** What you need to do **
Where a picture appears, leave it out, and transcribe all the lines below exactly.

** Record set **
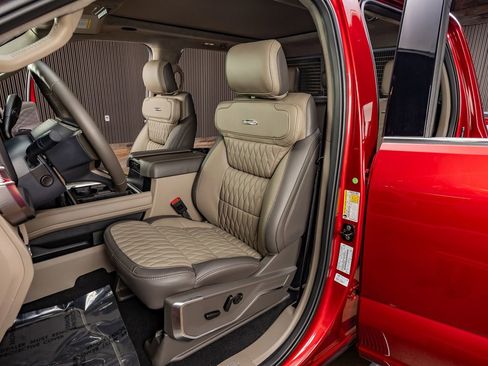 Used 2026 Ford F350 Platinum w/ Platinum Plus Package image 30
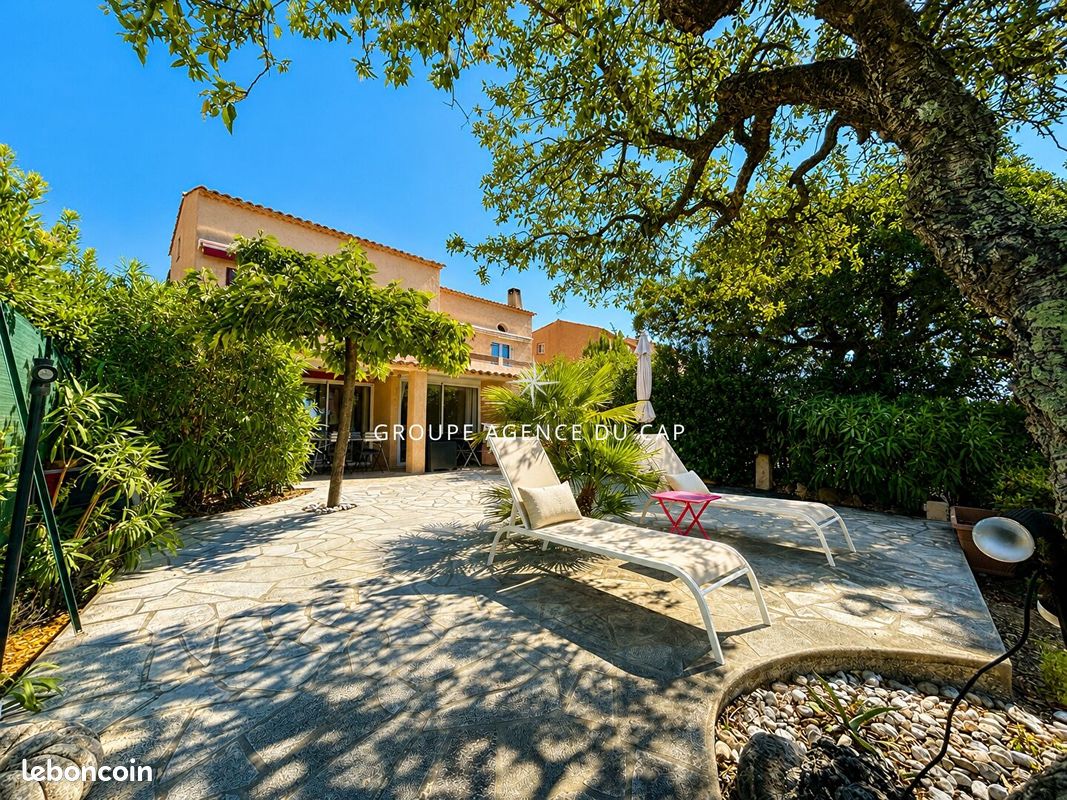 Appartement 3 pièces 40 m² · à Roquebrune-sur-Argens · 40 m² · 359 000 €
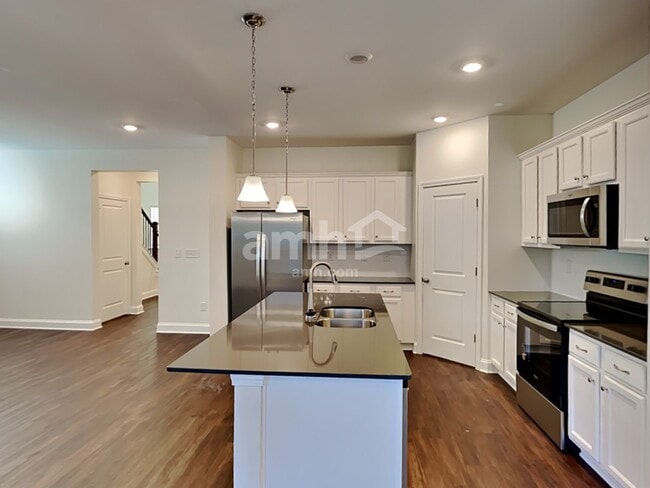 Photo - 551 Rivermist Dr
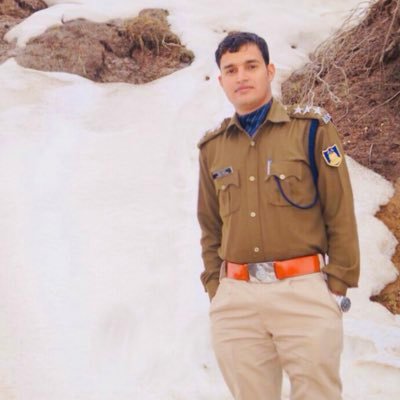 Vickykotputli's profile picture. Me my family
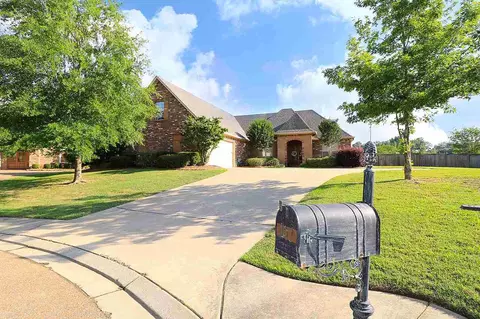 107 Perry Cv, Canton, MS 39046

** Answer space **
 Used 2026 Ford F350 Platinum w/ Platinum Plus Package image 30
 Appartement 3 pièces 40 m² · à Roquebrune-sur-Argens · 40 m² · 359 000 €
 Photo - 551 Rivermist Dr
 Vickykotputli's profile picture. Me my family
 107 Perry Cv, Canton, MS 39046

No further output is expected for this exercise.